Music / Science KS2: How brass instruments make sound
In the House of Sound where the science of music and musical instruments is always being investigated, Greg Foot and Fran Scott investigate brass instruments and how they make their loud, bright sounds.
They explain that in order to make a sound, a brass player's lips must be made to vibrate very, very quickly. When placed against the mouthpiece of the instrument the air inside begins to vibrate too, forming sound waves.
To make different notes the amount of air vibrating inside the instrument has to be changed.
On a trombone, a part called the slide makes the tube of air that vibrates longer or shorter, and this changes the pitch of the note from lower to higher.
On an instrument like a trumpet, three parts called valves can be pressed down to change the amount of air.
Fran and Greg demonstrate how a sound wave travels using a large metal spring and form a standing wave with a length of rope.

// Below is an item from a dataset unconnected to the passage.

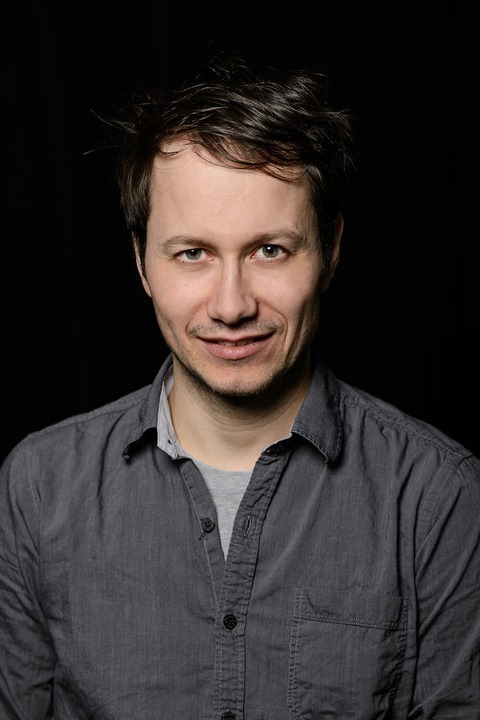 Marco Tschirpke - Basel - 15.11.2025 20:15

Fran also demonstrates how you can easily make a simple horn from a funnel, length of hose pipe and a hosepipe connector for a mouthpiece.
This clip is from the series House of Sound.
Pupils can experiment with making sounds using just their own bodies and voices. Because sound needs a medium to travel through, they can discuss the media with which they are familiar - for example, water, a highly effective medium, as they may have discovered while swimming.
As an introduction to pitch, experiment with rulers on the edge of desks or tables, so they can find out and record that a long length of ruler vibrates more slowly than a short length and makes a lower sound.
This clip will be relevant for teaching Science or Music in primary schools at Key Stage Two or Second Level (Scotland).